Fenomena ini memperlihatkan wajah baru masyarakat modern yang hidup di antara dua dunia: dunia maya yang serba cepat, dan dunia nyata yang makin sunyi secara sosial. Kita hidup di masa di mana interaksi sosial lebih sering terjadi lewat story dan chat daripada tatapan mata dan percakapan langsung. Kafe yang dulu menjadi tempat bercengkerama kini berubah menjadi ruang privat digital, di mana setiap orang hadir secara fisik, tetapi sibuk dengan dunianya sendiri di layar ponsel.
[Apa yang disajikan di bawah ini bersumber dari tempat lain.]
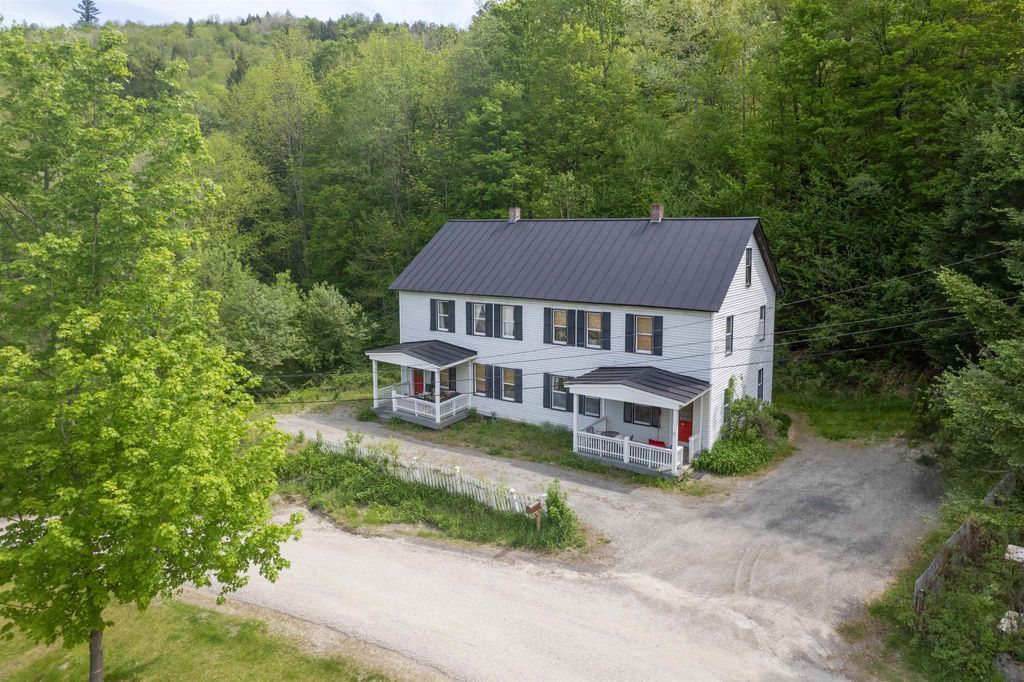 37 Robinson Avenue, Rochester, VT 05767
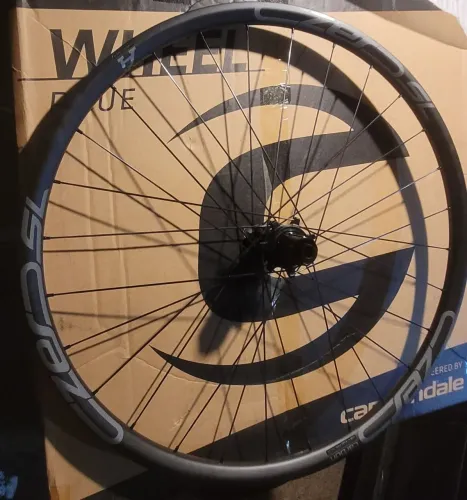 Roda carbono 27,5 cannondale czero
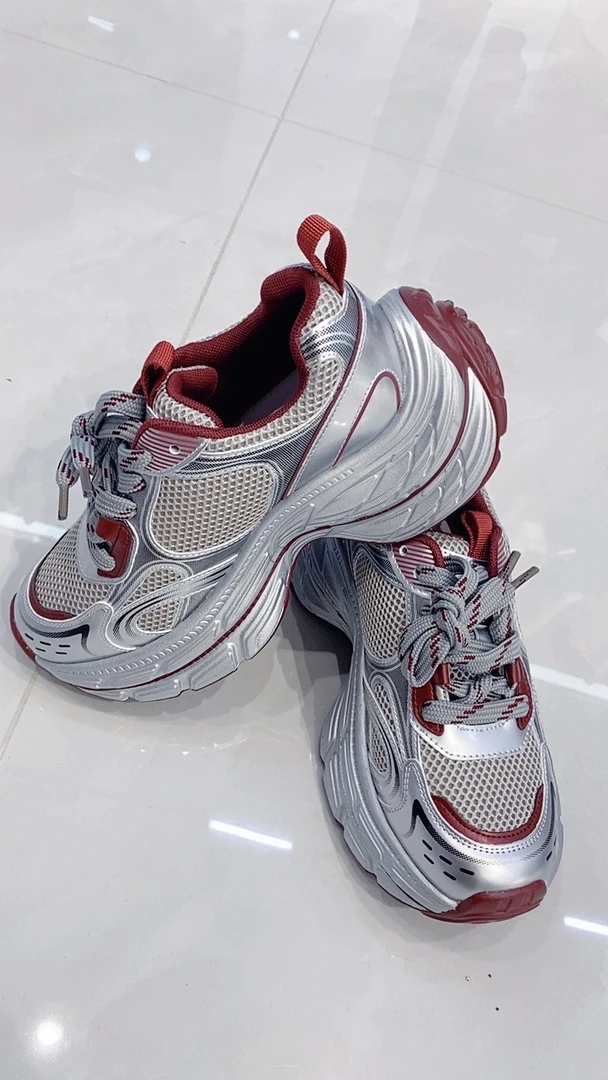 [九月臻品]爆款老爹鞋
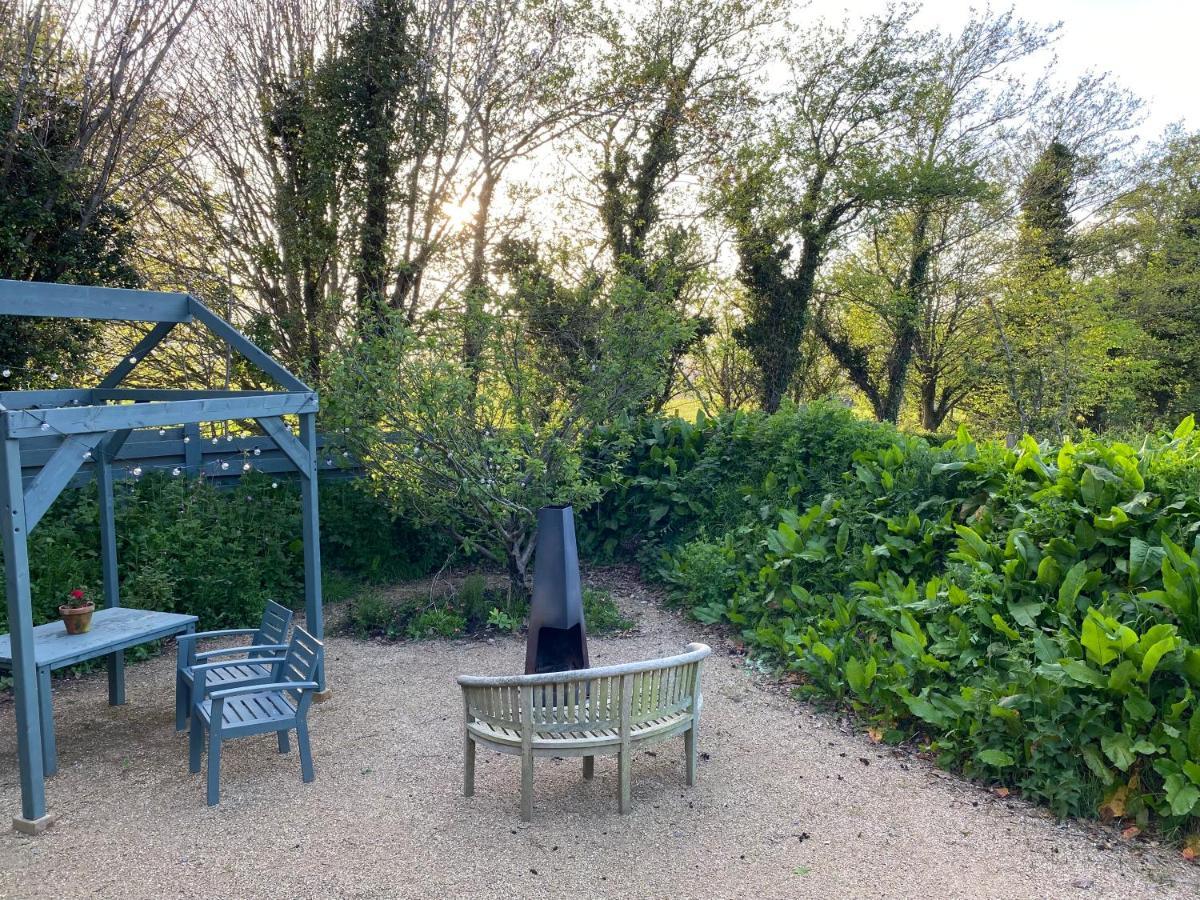 Cosy Double Shepherds Hut In Beautiful Wicklow With Underfloor Heating Throughout Rathnew Bagian luar foto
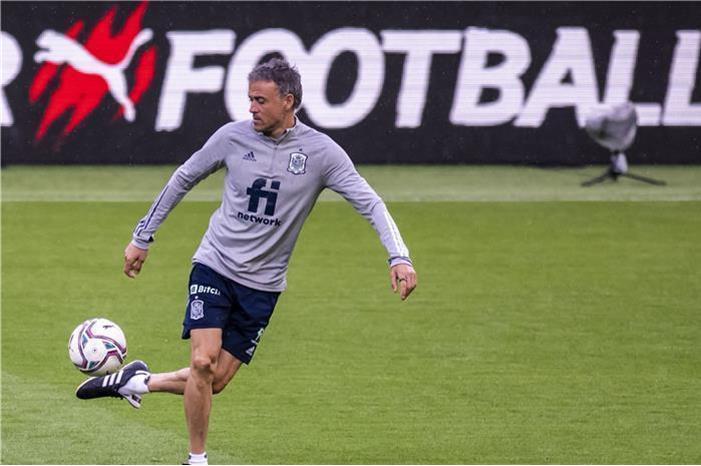 خلاف حاد بين إنريكي وإدارة باريس epa_soccer_2022-06_2022-06-08_2022-06-08-10002624_epa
Dalam kacamata sosiologi, ini merupakan gejala disengagement sosial — suatu kondisi ketika manusia perlahan menarik diri dari hubungan tatap muka dan menggantinya dengan interaksi daring. Dunia digital memang menawarkan rasa aman: tidak ada tatapan menilai, tidak ada jeda canggung, dan kita bisa mengontrol citra diri sesuka hati. Namun di balik kenyamanan itu, ada jarak yang makin melebar antara manusia dan kemanusiaannya.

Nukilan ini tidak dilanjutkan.